EXERCISE DETAILS :: Only the lines from the top of the listing below to the line that has "Justice icons set vector neon" should be echoed, with both ends kept and pictures left out.

SUPPLIED RECORDS ::

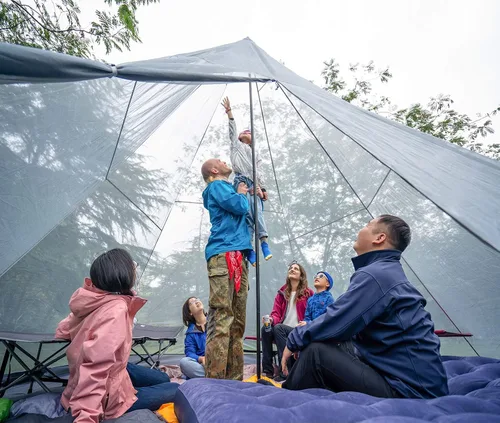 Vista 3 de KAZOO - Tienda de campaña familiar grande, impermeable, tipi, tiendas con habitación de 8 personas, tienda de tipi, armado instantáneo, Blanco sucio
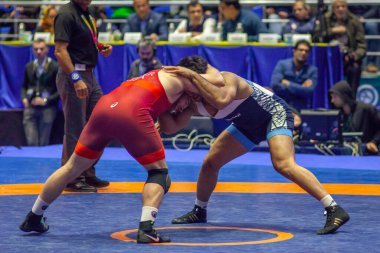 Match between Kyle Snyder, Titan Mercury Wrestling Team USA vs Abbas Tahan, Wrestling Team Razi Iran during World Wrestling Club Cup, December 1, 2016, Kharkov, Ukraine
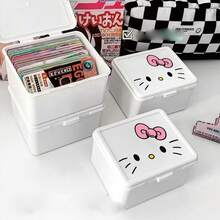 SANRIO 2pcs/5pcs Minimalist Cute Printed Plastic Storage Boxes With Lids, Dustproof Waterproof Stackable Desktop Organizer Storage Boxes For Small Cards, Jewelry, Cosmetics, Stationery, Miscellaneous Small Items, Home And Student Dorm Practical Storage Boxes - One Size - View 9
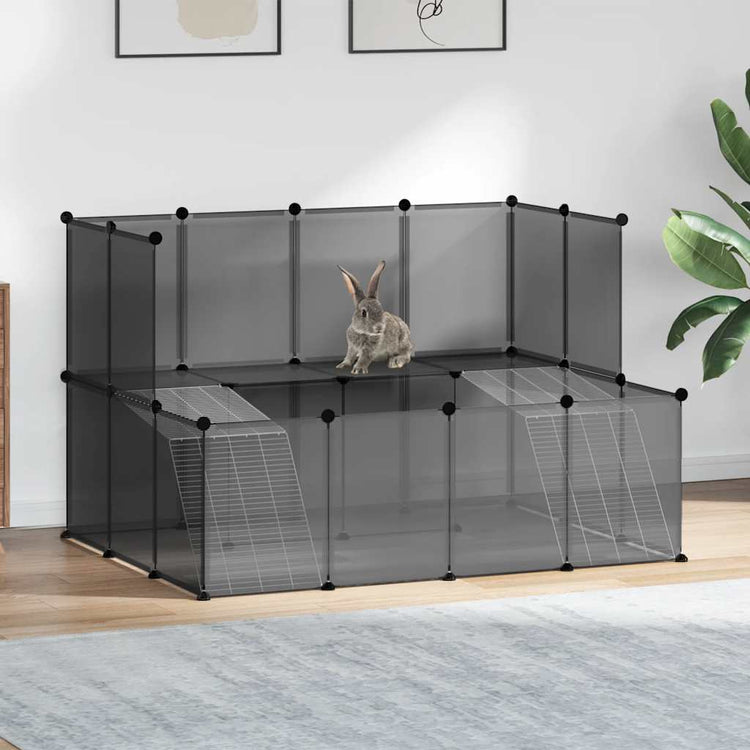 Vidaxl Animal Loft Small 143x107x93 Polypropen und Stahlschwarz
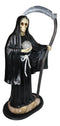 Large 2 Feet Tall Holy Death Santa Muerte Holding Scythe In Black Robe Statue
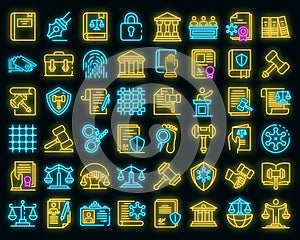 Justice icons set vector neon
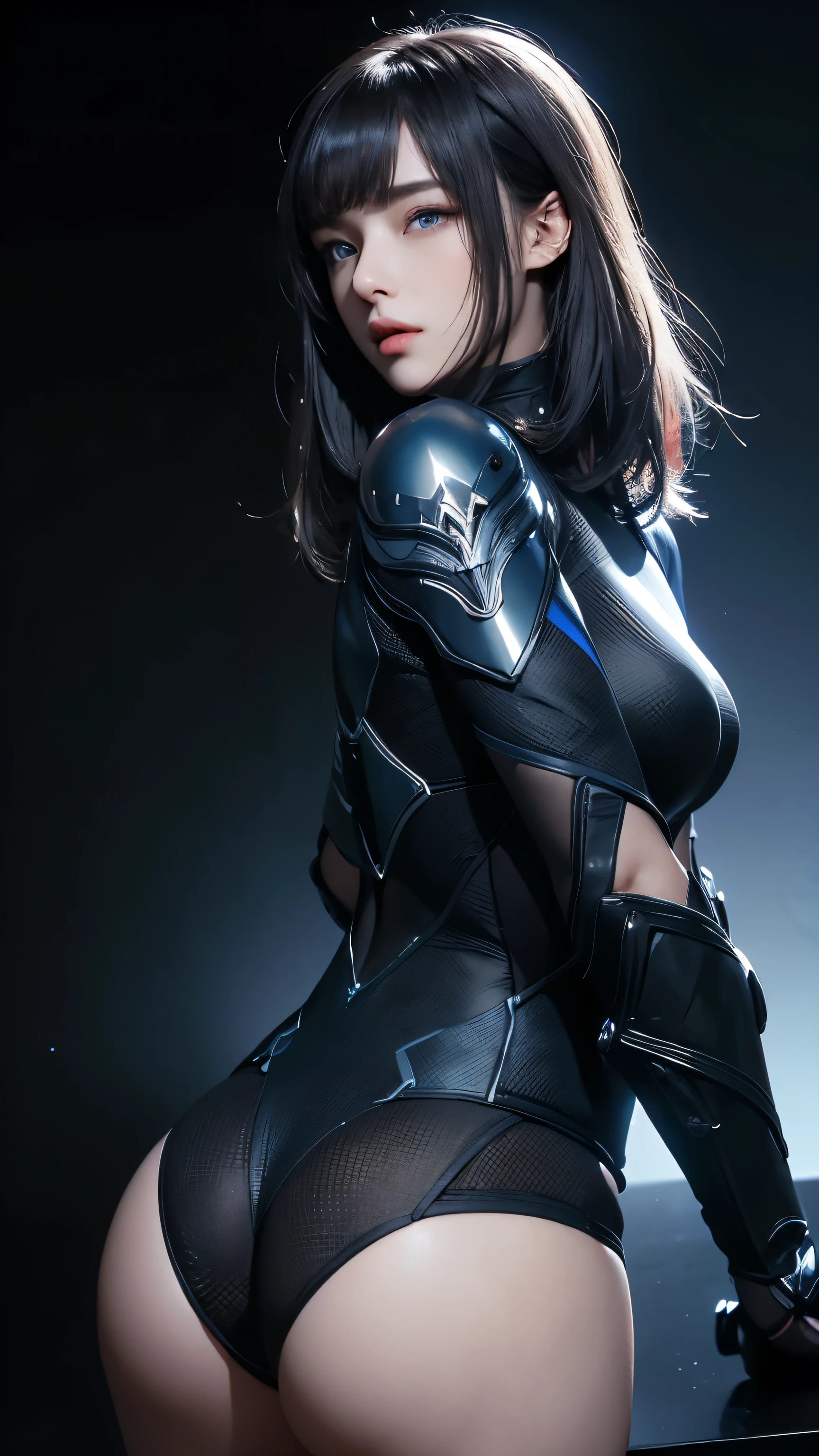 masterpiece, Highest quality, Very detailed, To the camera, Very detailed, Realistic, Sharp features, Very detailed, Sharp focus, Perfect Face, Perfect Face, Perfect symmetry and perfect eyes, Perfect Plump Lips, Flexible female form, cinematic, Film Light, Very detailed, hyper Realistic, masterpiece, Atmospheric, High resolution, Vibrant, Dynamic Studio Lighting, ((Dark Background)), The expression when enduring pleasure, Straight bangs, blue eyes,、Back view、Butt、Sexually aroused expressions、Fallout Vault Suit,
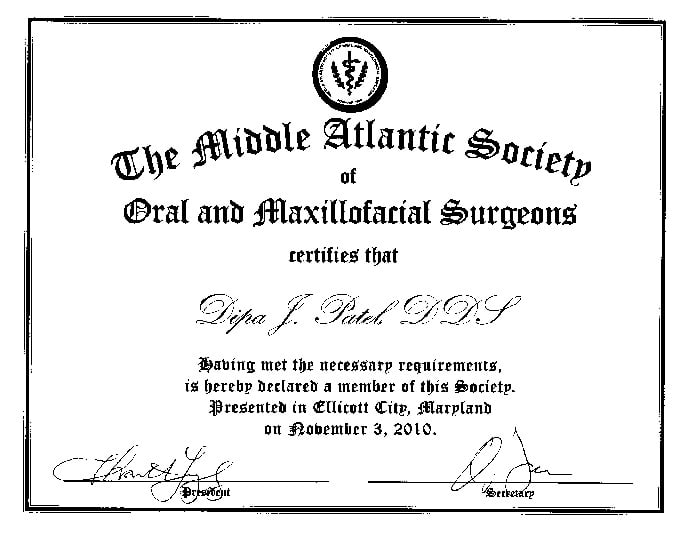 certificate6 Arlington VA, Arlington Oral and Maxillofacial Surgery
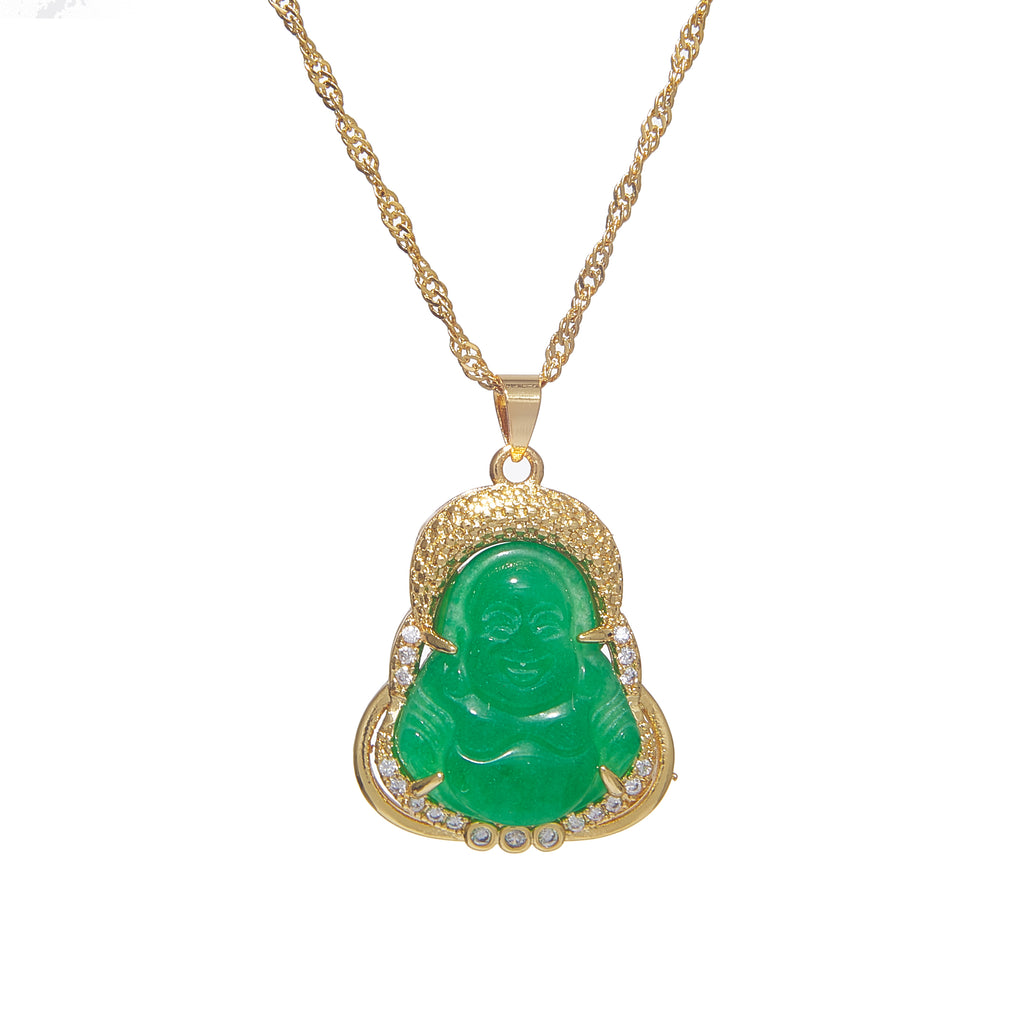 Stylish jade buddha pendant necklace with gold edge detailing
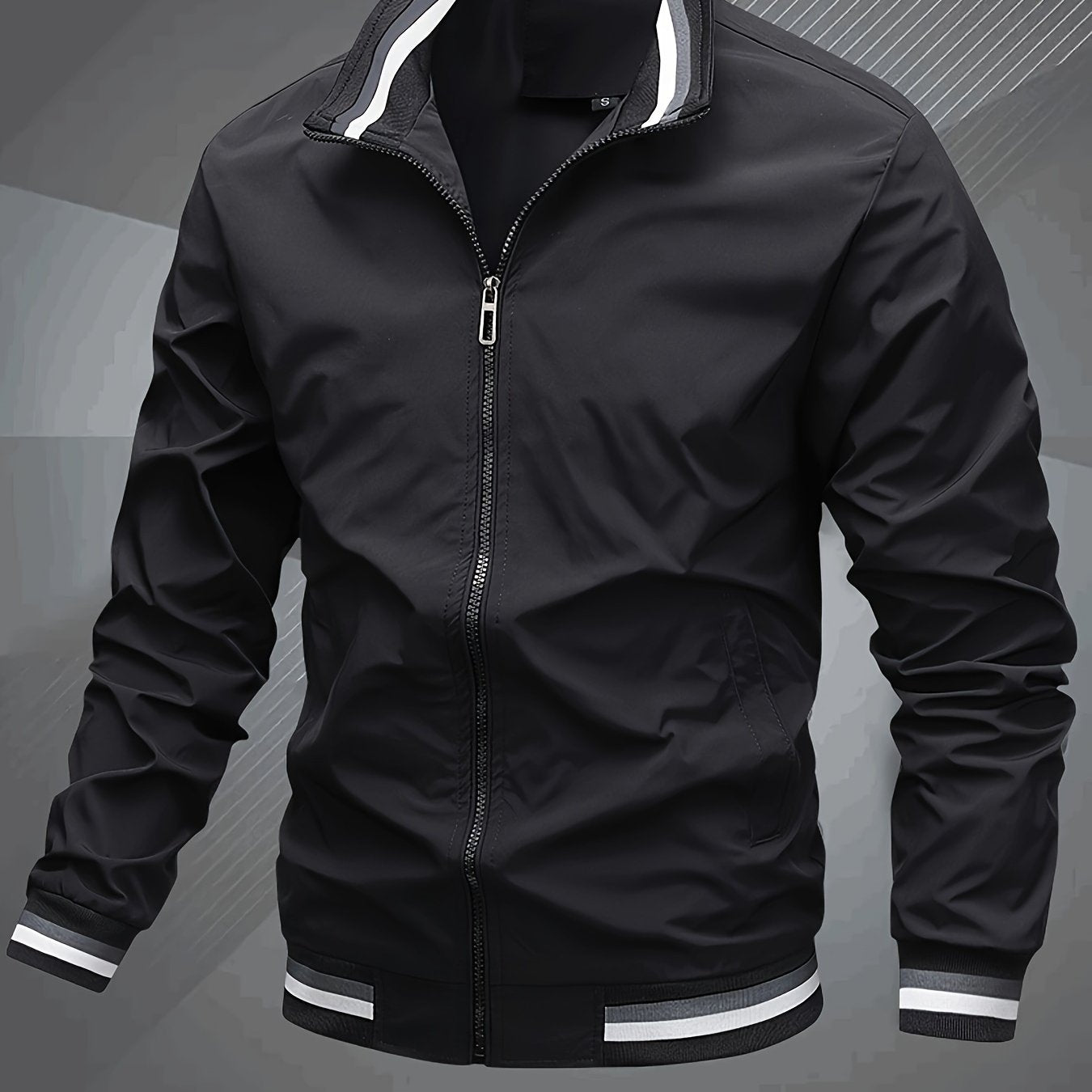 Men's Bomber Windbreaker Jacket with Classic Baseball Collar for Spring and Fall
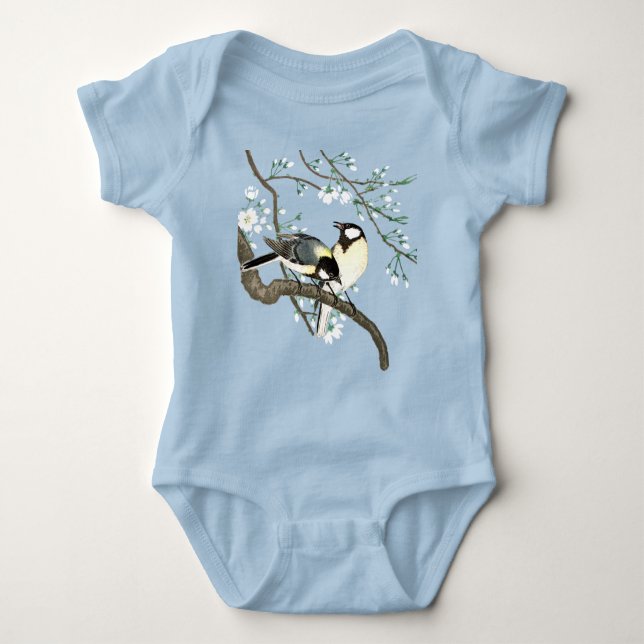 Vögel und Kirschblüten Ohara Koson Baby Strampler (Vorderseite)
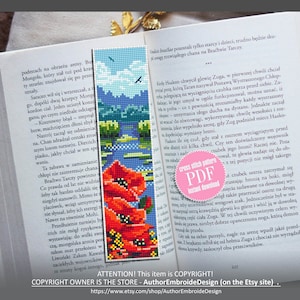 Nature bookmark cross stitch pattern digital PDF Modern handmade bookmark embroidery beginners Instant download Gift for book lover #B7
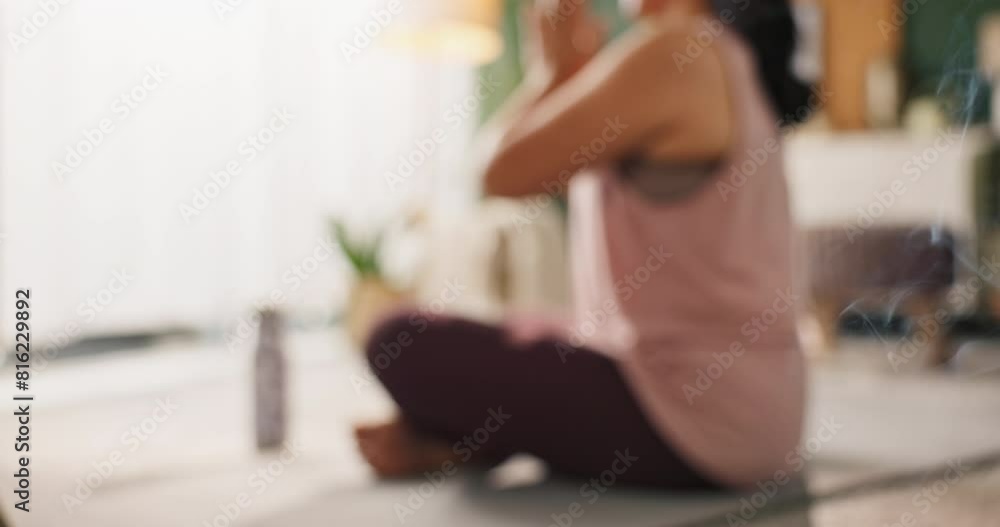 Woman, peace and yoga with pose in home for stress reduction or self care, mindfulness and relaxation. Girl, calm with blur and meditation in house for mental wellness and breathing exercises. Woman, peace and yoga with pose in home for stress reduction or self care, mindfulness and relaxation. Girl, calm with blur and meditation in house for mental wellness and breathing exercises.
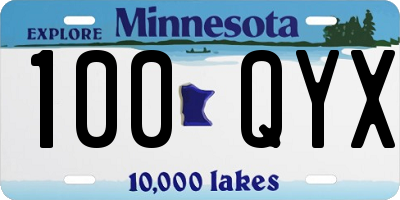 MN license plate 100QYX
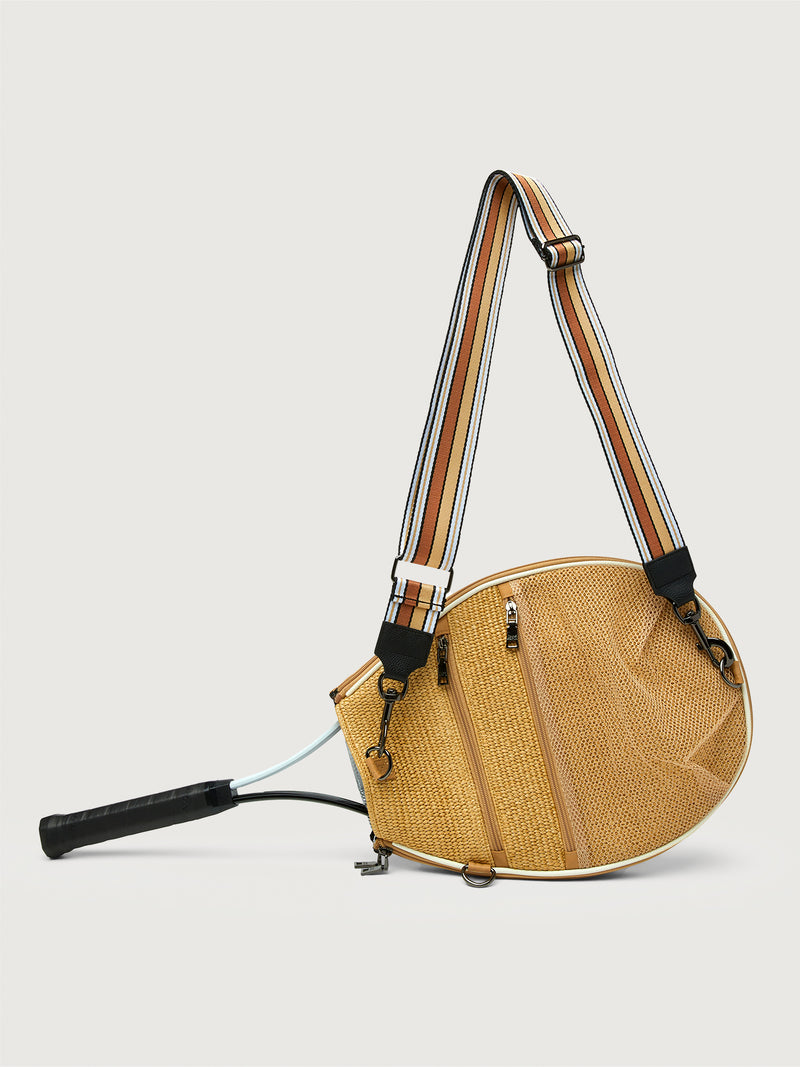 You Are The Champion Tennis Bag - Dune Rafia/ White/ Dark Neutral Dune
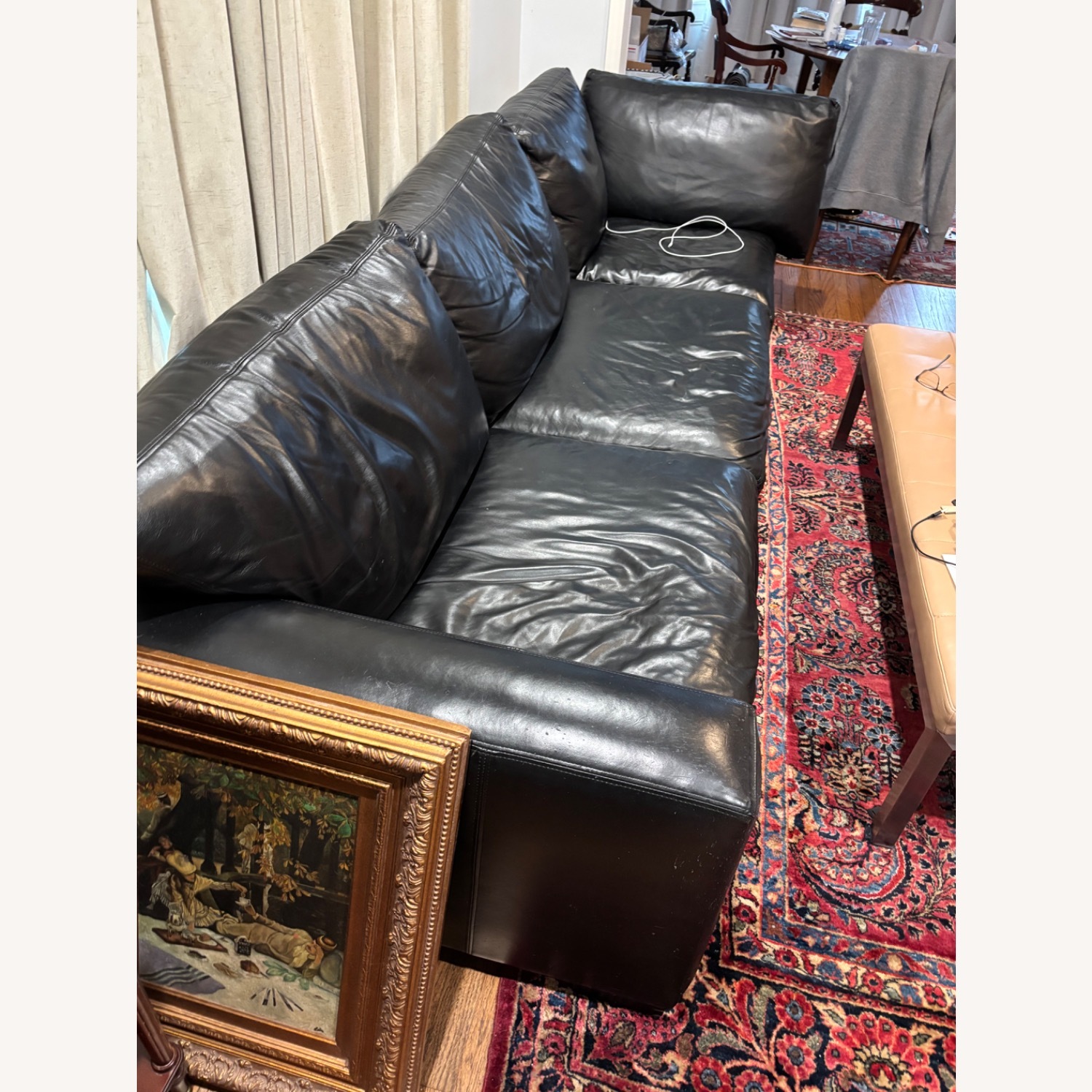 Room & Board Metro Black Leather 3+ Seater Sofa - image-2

EXPECTED OUTPUT ::
 Vista 3 de KAZOO - Tienda de campaña familiar grande, impermeable, tipi, tiendas con habitación de 8 personas, tienda de tipi, armado instantáneo, Blanco sucio
 Match between Kyle Snyder, Titan Mercury Wrestling Team USA vs Abbas Tahan, Wrestling Team Razi Iran during World Wrestling Club Cup, December 1, 2016, Kharkov, Ukraine
 SANRIO 2pcs/5pcs Minimalist Cute Printed Plastic Storage Boxes With Lids, Dustproof Waterproof Stackable Desktop Organizer Storage Boxes For Small Cards, Jewelry, Cosmetics, Stationery, Miscellaneous Small Items, Home And Student Dorm Practical Storage Boxes - One Size - View 9
 Vidaxl Animal Loft Small 143x107x93 Polypropen und Stahlschwarz
 Large 2 Feet Tall Holy Death Santa Muerte Holding Scythe In Black Robe Statue
 Justice icons set vector neon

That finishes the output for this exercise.